The poem’s final reference is to ‘those from Tricca’, an ancient city in western
Thessaly. It was, as Homer tells us, the kingdom of Machaon and Podalirius,
both sons of Asclepius, who served in the Greek army as physicians.52 If
Podalirius and Machaon are those meant by οὑκ Τρίκκης ὡς ἐνέπουσιν (26) it
is not impossible that they are the ones suggesting to use honey medicinally.

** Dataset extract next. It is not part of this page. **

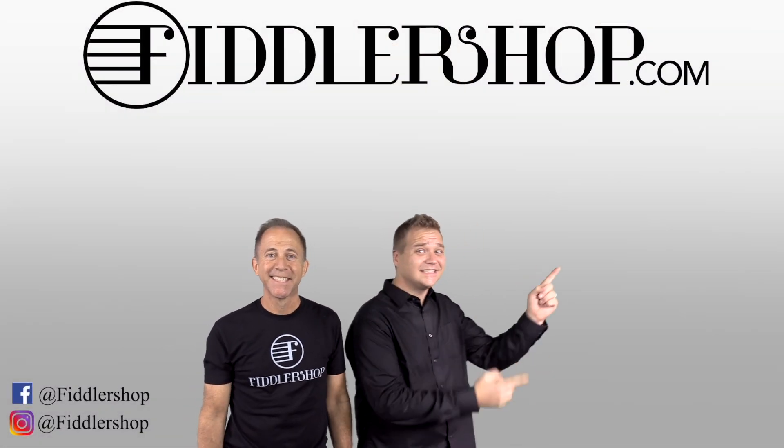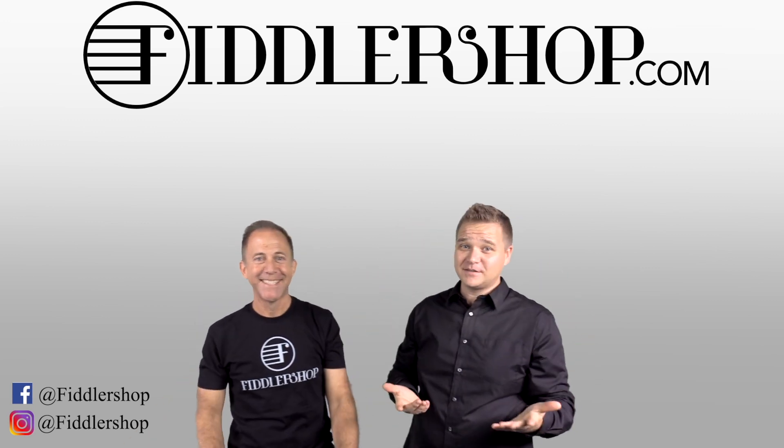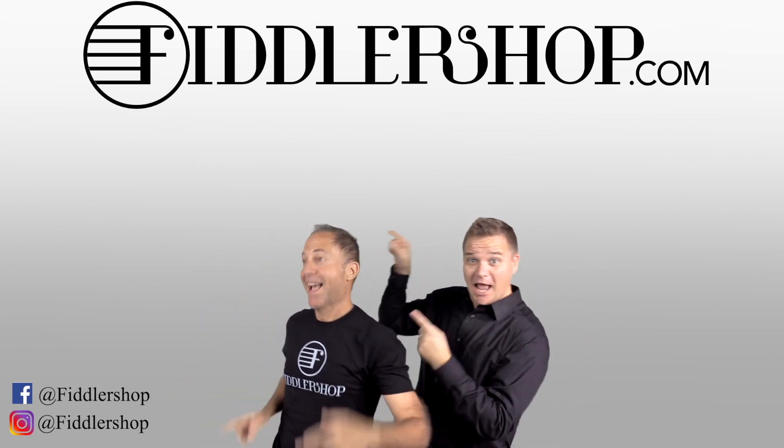If you want to buy this product, just click right up here. Right there! Do it! We would also love it if you subscribed to our channel so we can keep in touch. It's right over there!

In Homer, however, there is no connection between honey and curing. ‘Those
from Tricca’ may therefore not point at Asclepius’ sons themselves, nor at
inhabitants of the city, but to a ‘guild’ of physicians.53 Philo’s statement, ‘as
those from Tricca tell me’ thus seems to point at information obtained from
fellow pharmacologists sharing their knowledge of the salutary qualities of
honey. Both the verb’s present tense and the idea of colleagues are interesting,

49  On the bougonia see e.g. Thomas 1988, 196-201 and Spanoudakis 2002, 182-184. The term
is first found in Varro (R. 2.5.5), but the phenomenon is often described in earlier Greek
literature. See Philet. CA 22, p. 94, Theoc. Syr. 3, Call. fr. 383.4 Pf. (= SH 254.4), Nic. Th. 741,
AP 9.363 and 548. In Latin literature cf. Verg. G. 4.287, Col. 9.14.6, Ov. Met. 15.361-368 etc.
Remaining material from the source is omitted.